⟨

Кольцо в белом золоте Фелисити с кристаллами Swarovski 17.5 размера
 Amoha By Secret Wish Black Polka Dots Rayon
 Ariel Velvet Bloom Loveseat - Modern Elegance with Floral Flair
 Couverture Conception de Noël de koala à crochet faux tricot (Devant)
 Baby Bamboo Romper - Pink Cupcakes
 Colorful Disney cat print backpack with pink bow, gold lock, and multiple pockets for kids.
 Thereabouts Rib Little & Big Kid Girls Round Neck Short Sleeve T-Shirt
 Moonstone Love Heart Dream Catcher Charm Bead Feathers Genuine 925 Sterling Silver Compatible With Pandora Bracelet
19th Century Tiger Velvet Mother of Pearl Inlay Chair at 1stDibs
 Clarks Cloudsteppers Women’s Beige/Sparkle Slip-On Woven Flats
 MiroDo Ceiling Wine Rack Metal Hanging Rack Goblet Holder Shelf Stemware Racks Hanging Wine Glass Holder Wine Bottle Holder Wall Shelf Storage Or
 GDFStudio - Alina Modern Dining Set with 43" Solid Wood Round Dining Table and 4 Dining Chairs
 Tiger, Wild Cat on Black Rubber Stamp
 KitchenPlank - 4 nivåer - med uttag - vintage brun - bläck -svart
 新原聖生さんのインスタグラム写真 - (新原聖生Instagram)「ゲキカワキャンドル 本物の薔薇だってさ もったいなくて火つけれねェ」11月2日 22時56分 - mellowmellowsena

⟩

◆ What is being asked
Please return the span of lines above that opens with the one containing "GDFStudio - Alina" and closes with the final line, both included, exactly as written and nothing more.

◆ Reply to the task
 GDFStudio - Alina Modern Dining Set with 43" Solid Wood Round Dining Table and 4 Dining Chairs
 Tiger, Wild Cat on Black Rubber Stamp
 KitchenPlank - 4 nivåer - med uttag - vintage brun - bläck -svart
 新原聖生さんのインスタグラム写真 - (新原聖生Instagram)「ゲキカワキャンドル 本物の薔薇だってさ もったいなくて火つけれねェ」11月2日 22時56分 - mellowmellowsena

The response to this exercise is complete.